What astonishes most about A Christmas Story is its accuracy. I’m assured, by articles I’ve read and conversations I’ve had, that every detail of its period setting is perfect (even though its period is deliberately unspecified). The brands, the clothes, the manners, the streets, the school and the interior decoration are all, apparently, just as they were in towns like Hammond, Indiana during the 1930s and ‘40s. I have had notably limited experience of towns like Hammond, Indiana during the 1930s and ‘40s, but I think I would have known how accurate a reflection of them this film presents even without being told. Every large and important element of this movie – the characters, their interactions, their emotions and motivations – feels so right it simply follows that all the smaller and less significant details are equally exact.
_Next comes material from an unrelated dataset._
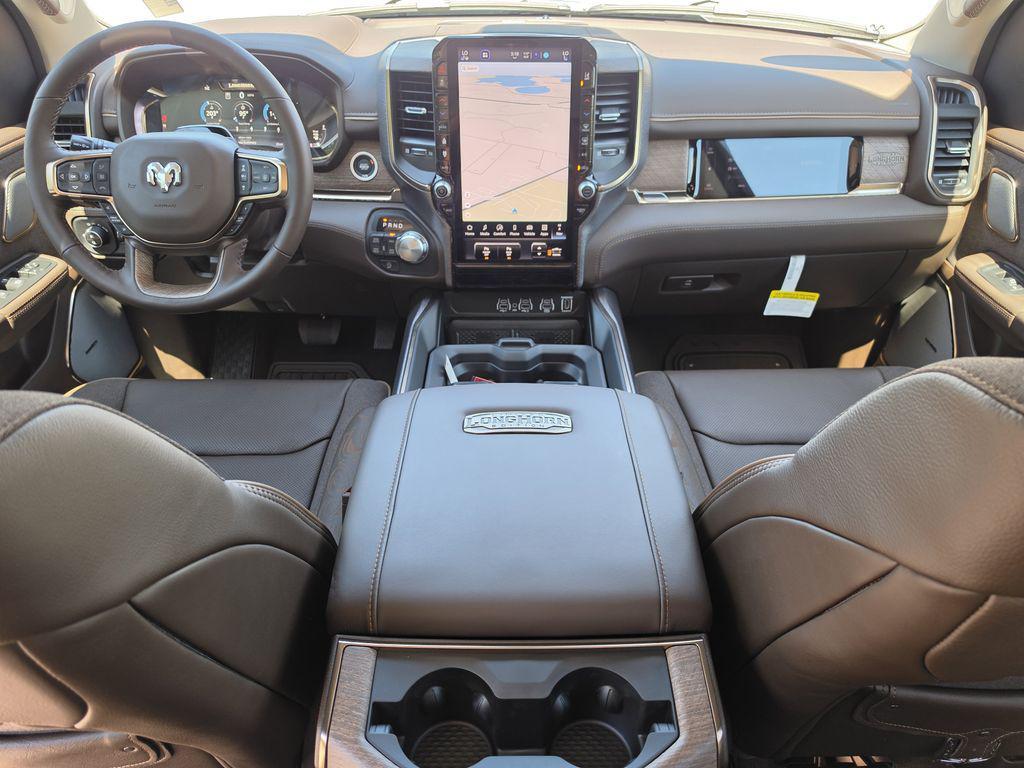 new 2026 Ram 1500 car, priced at $77,344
This shouldn’t suggest that A Christmas Story is dully realistic. In fact, it’s enhanced by pronounced cartoonish qualities. Ralphie’s father – who works ‘in profanity the way other artists might work in oils and clay’ – constantly screams obscenities, but these are heard only as streams of innocuous nonsense. And they are subsequently very much funnier than it would be hear Mr Parker (or ‘The Old Man’, as he is known) actually say ‘fuck’ to a furnace.

I don’t believe that Jean Shepherd – the raconteur on whose semi-autobiographical writings the film is based – ever visited, as Ralphie does, a department store Santa Claus who kicked him in the head when he took too long to say what he wanted for Christmas. I don’t believe that any children have ever visited a department store Santa who kicked them in the head when they took too long to say what they wanted for Christmas (not even Billy Bob Thornton’s Bad Santa does that). But I believe totally that thousands of children have seen shopping centre Santas who were so gruff and efficient they might as well have kicked children in the head once their allotted moments in the grotto were over. As such, the scene, while no doubt factually inaccurate, is entirely true.
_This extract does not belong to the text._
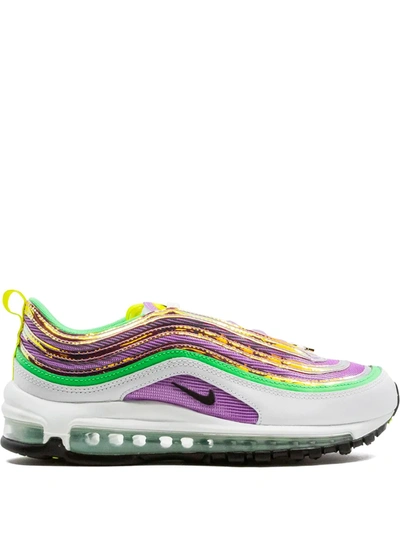 Nike Women's Air Max 97 Low-top Running Trainers In White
The characters in this movie behave the way people – not characters in movies – behave, and because of this we truly experience things from their points of view. Many good films – particularly good Christmas films – excel at making us empathise with one character. (Generally, we see everything from the perspective of the little boy who just wants his spoilsport parents to believe that the odd old man he’s befriended really is Father Christmas. We can see he’s Father Christmas – why can’t they? We see nothing from the perspective of those loving, sane, parents who are concerned about the intentions of the probably predatory, and most definitely deranged, white-bearded weirdo hanging around their only child.) Some films, special ones like A Christmas Story, make us able to empathise with two characters at once – and not just within the same movie, but within in the same moment.

As Roger Ebert wrote in his original review of the film:

‘When [Ralphie’s father] wins a prize in a contest, and it turns out to be a table lamp in the shape of a female leg in a garter, he puts it in the window, because it is the most amazing lamp he has ever seen… I can understand that feeling. I can also understand the feeling of the mother… who is mortified beyond words.’
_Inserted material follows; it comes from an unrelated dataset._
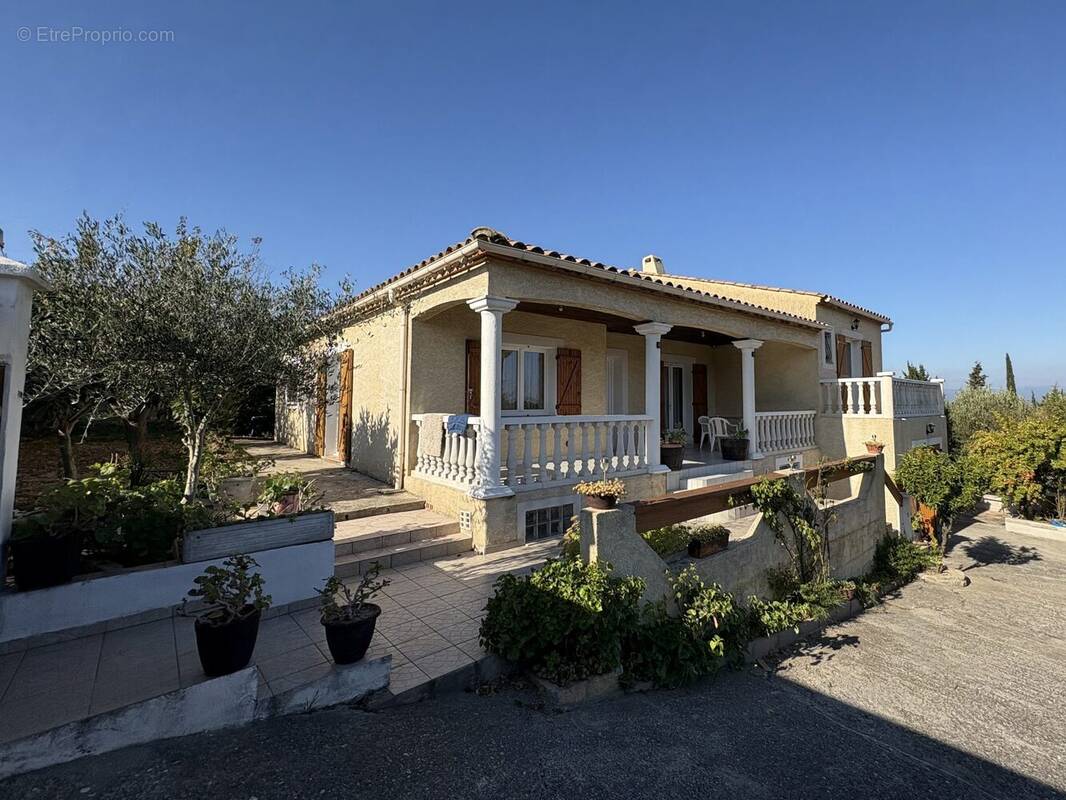 Maison à CARCASSONNE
This is the key to A Christmas Story. When I watch it I’m Ralphie, looking up at his mother, hotly, painfully desperate to have that Red Ryder rifle – but I’m also his mother, looking down, disapproving, wanting Ralphie to get his gun but knowing that, if he does, the aforementioned ocular injury is almost inevitable. I’m The Old Man wanting to show my lamp – the Major Award I’ve always known I deserved – to the world from my window, and I’m his wife wanting to smash it to powder. I’m the kid who doesn’t believe that tongues really get stuck to frozen lampposts and I’m the kid triple-dog daring him to prove it.

Christmas is, at its best, about empathy. And Christmas movies, at their best, allow us to empathise. They connect us to characters, like us and utterly unlike us, across time and across oceans. Great Christmas movies make us feel more human, and make us want to be more humane. And A Christmas Story is a very great Christmas movie indeed.